A year later Weisbrod died, and Bub took over as manager.
A year after that he married Weisbrod‘s widow and named the brewery after himself.
The next year the place burned down.
A thirsty city watched with eager interest as a new brewery went up in the shadow of Sugarloaf and gleefully toasted its reopening so often that output increased 20-fold -- from 500 to 10,000 barrels a year.
To find room to age this flooding river of lager, Bub looked below his feet and set to work burrowing into the solid rock at the base of the hill. For centuries, European brewmasters had aged beer in caves where the constant cool temperatures brought the brood to the peak of drinkability.
Not having a cave handy, Bub built not one, but six, each about 25 feet by 50 feet with a steady year-round temperature of 45 degrees.
In 1911, Bub -- the man who made it fun to be thirsty -- died.
His son-in-law took over the business, and would continue the family tradition until he died in 1941.
Prohibition was a great inconvenience to America's brewers, Bub's among them. For 13 years the brewery below Sugarloaf hill made soda pop and turned out beer without the alcohol.

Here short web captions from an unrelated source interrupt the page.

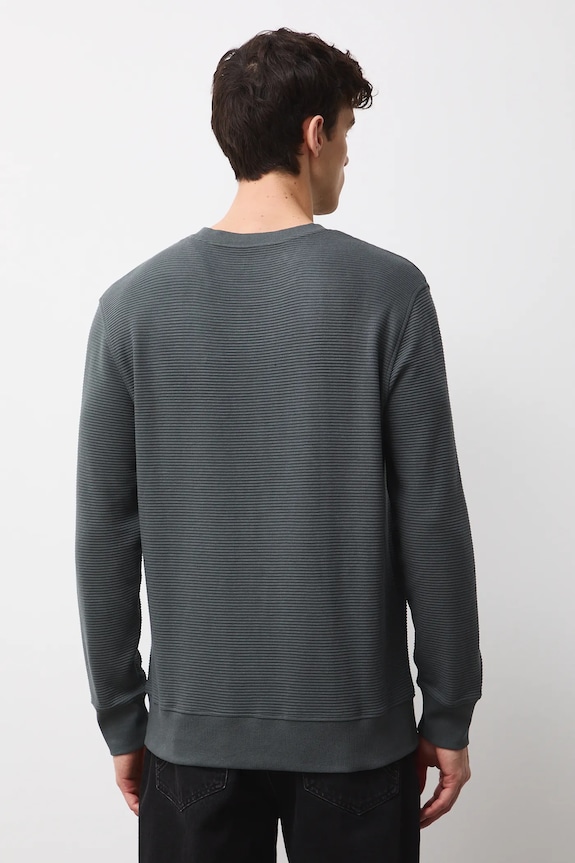 Odzież Longsleeve męski prążkowany kolor zielony RW24-BUM061 zielony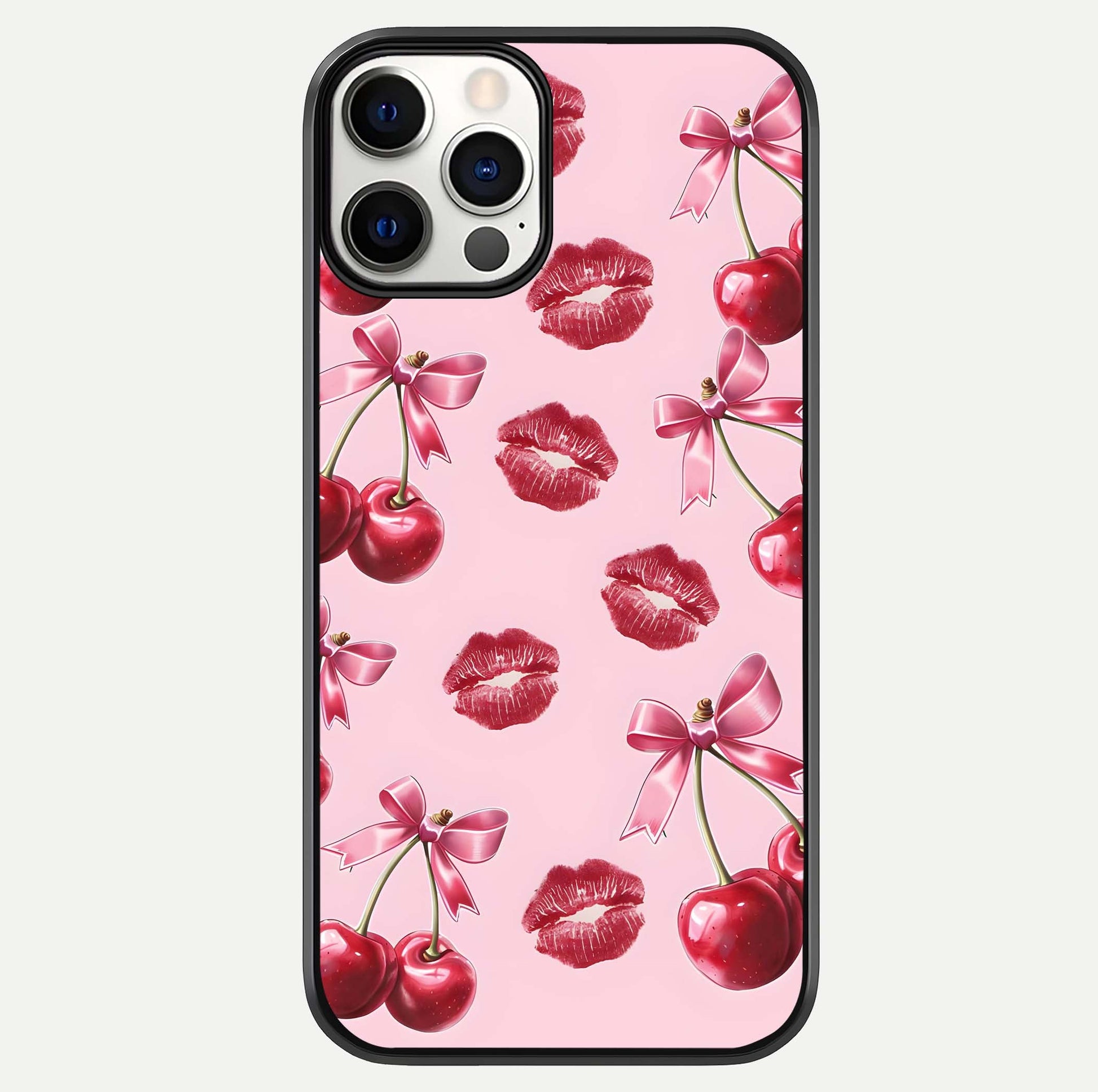 Cherry With Lips Glass Case For iPhone 12 Pro by Custom World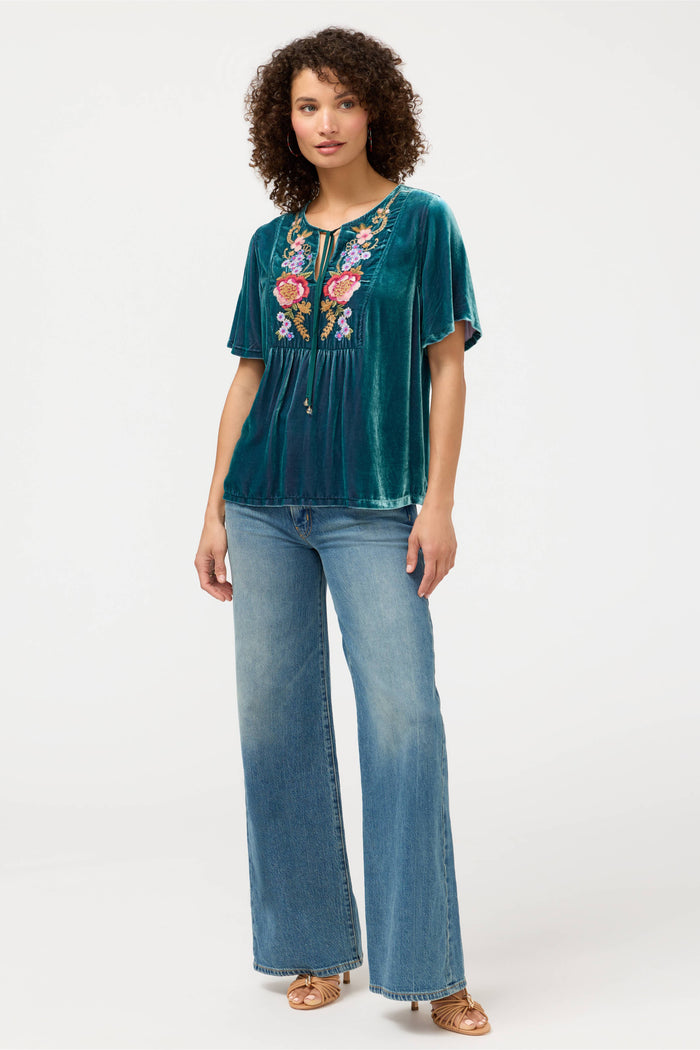 VELVET YOKE BLOUSE-AERUS-JOHNNY WAS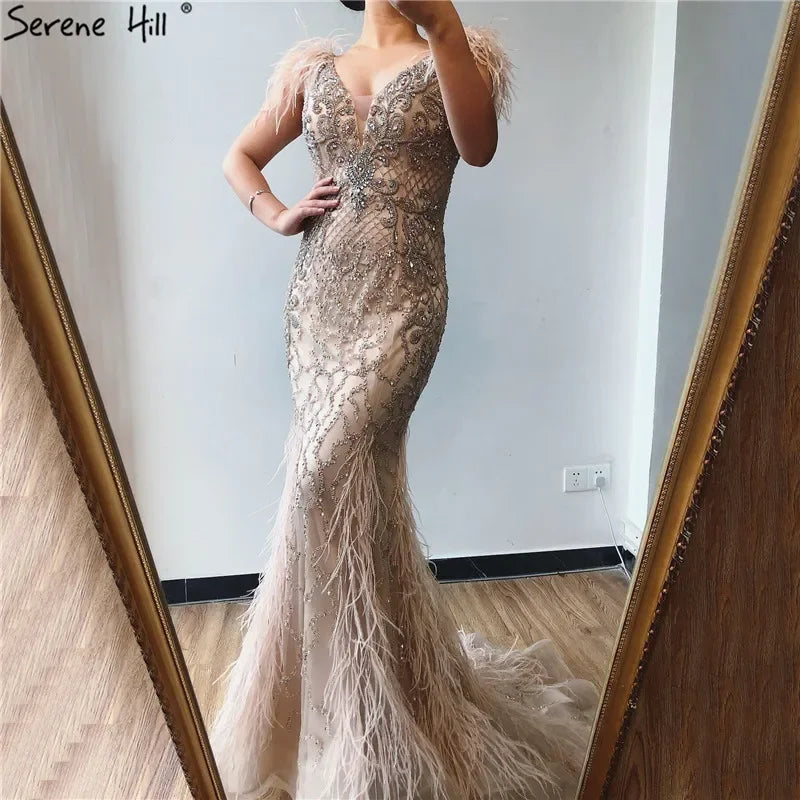 Serene Hill Champagne Mermaid Elegant Evening Dresses Diamond Feathers Sleeveless Formal Luxury Beaded 2024 LA70350 Serene Hill Champagne Mermaid Elegant Evening Dresses Diamond Feathers Sleeveless Formal Luxury Beaded 2024 LA70350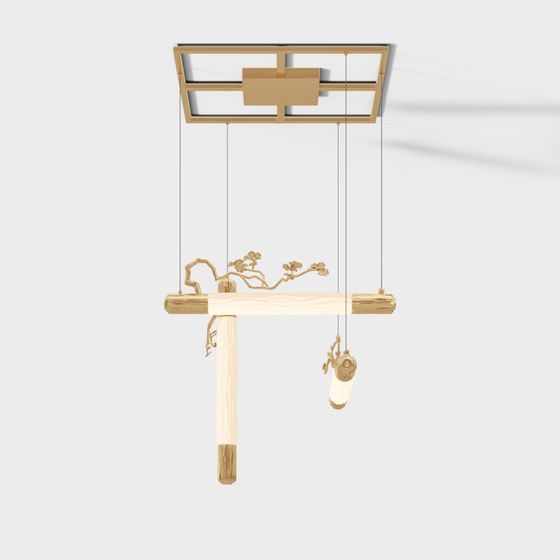 Elegant Hanging Art Light Fixture 3D model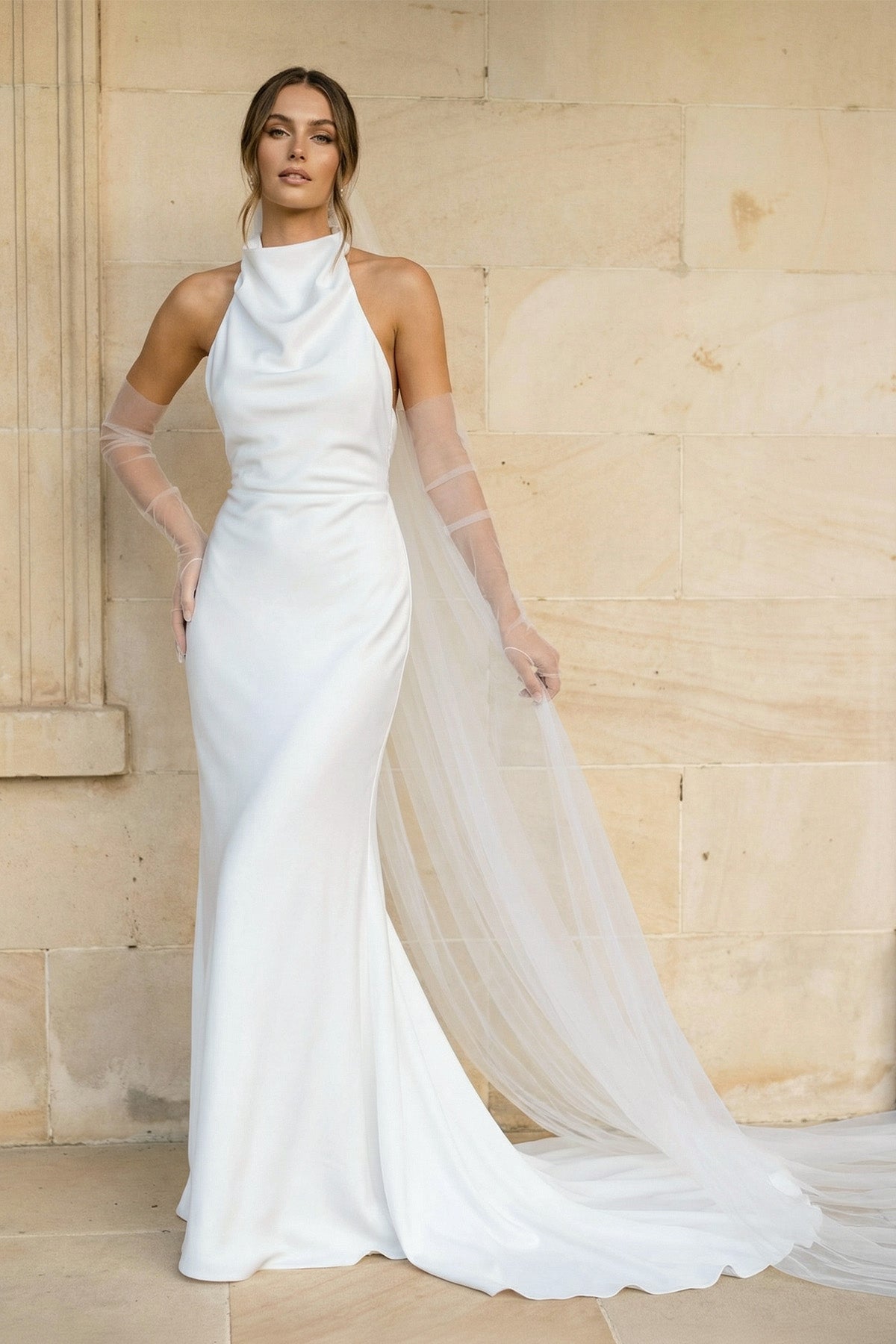 Elegant Mermaid White Halter Satin Wedding Dresses - Curvevia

The law of supply and demand being what it is, other enterprising individuals manufactured the alcohol -- with illegal steals in the dark of the night -- and left it up to the patrons of soft drink parlors throughout the city to surreptitiously marry the near-beer and moonshine to get them through 13 hot, dry summers.
After prohibition was repealed in 1933, Bub's went back to making beer -- and made it more convenient for thirsty people with places to go by putting the beer in bottles. Prior to prohibition, Bub's beer was sold only in kegs, but during the country's long dry spell, Bub's installed bottling equipment for pop and near-beer. After repeal Bub's simply ran its traditional product through the equipment when production resumed.

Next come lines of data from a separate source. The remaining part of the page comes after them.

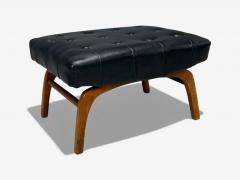 Danish Modern Black Leatherette Stained Wood Footstool Denmark 1950s - 4428599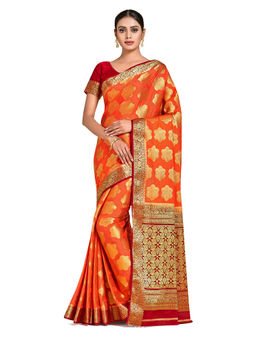 Mimosa - Orange Mysore Silk Style Crepe Saree With Unstitched Blouse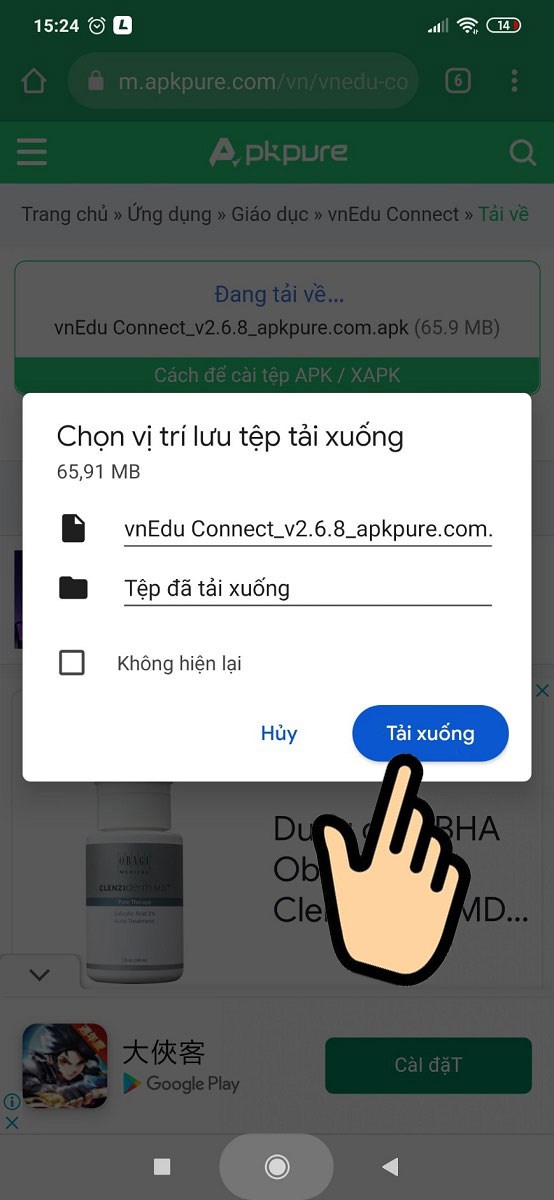 Chọn Tải xuống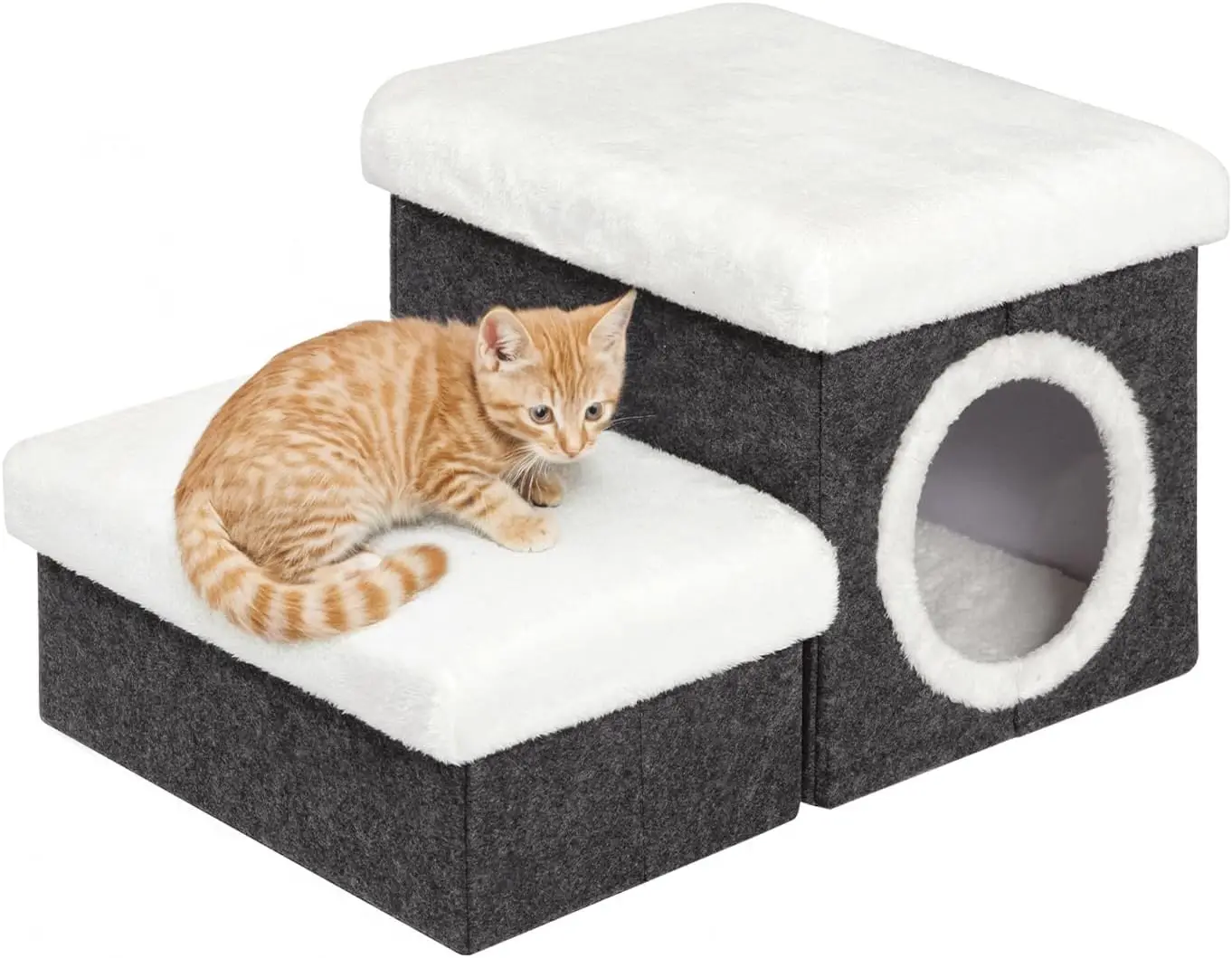 Cat House Pet Stairs For Beds Sofa, Foldable Dog Steps 2-Tier With Storage Toy Box, Small Indoor Pet Steps Grey 15.7X12.6X12.6
Cat House Pet Stairs For Beds Sofa, Foldable Dog Steps 2-Tier With Storage Toy Box, Small Indoor Pet Steps Grey 15.7X12.6X12.6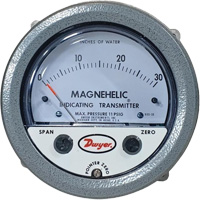 605 Series Magnehelic&reg; Differential Pressure Gauge & Indicating Transmitter, 4" , 0 - 30 in. w.c., Panel Mount, Analogue Par Equipment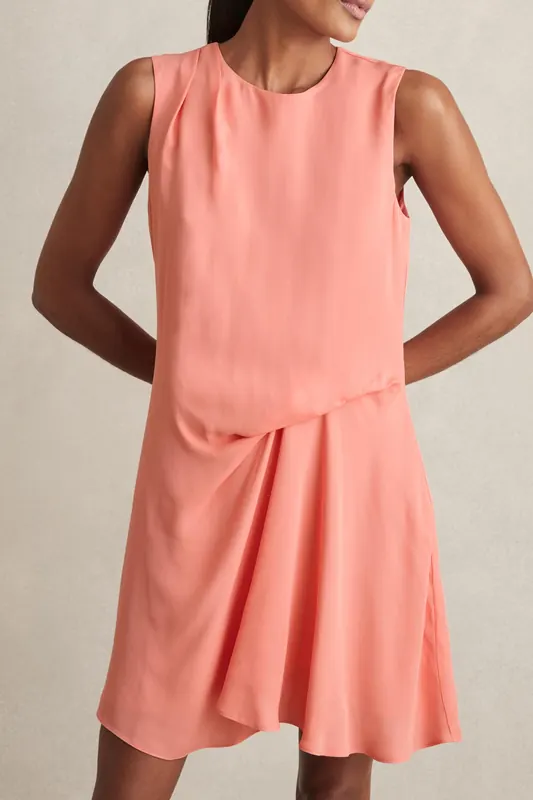 Reiss Short Drape Dress Coral Maat: 6 | Mini Jurken Outlet | Dames | Blauw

Bub's survived prohibition, but many other small brewers did not. Annual production reached a peak of 30,000 barrels, but Bub's, like other local and regional brewers throughout the country, found it ever more difficult to compete with the brewing conglomerates.
Bub's final blow came with the passage of the Occupational Safety and Health Act. Applying OSHA standards to the venerable brewery posed a financial challenge the brewer couldn’t overcome.
In 1969, 100 years after Peter Bub brought his first batch of beer to Winona, Bub's taps went dry for good.